§ What you need to do: The answer must consist solely of the lines from the line with "MS license plate LPO469" to the end of the data below, transcribed exactly and with no pictures.

§ Information shown:
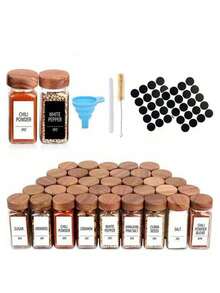 120ml Square Seasoning Bottle Pepper Seasoning Bottle, Glass Spice Jar Set - Rust-Proof Transparent Spice Container With Wooden Lid For Kitchen And Restaurant Use, Novelty Salt Shaker, Plain Design. Square Seasoning Bottle Pepper Seasoning Bottle 120ml Acacia Wood Lid 24-Pack Seasoning Jar Spice Bottle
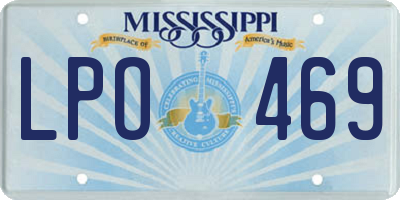 MS license plate LPO469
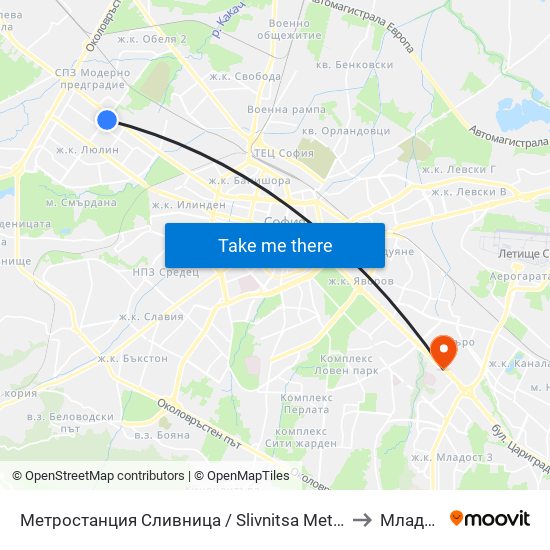 Метростанция Сливница / Slivnitsa Metro Station (1063) to Младост 1 map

§ Result of the exercise:
 MS license plate LPO469
 Метростанция Сливница / Slivnitsa Metro Station (1063) to Младост 1 map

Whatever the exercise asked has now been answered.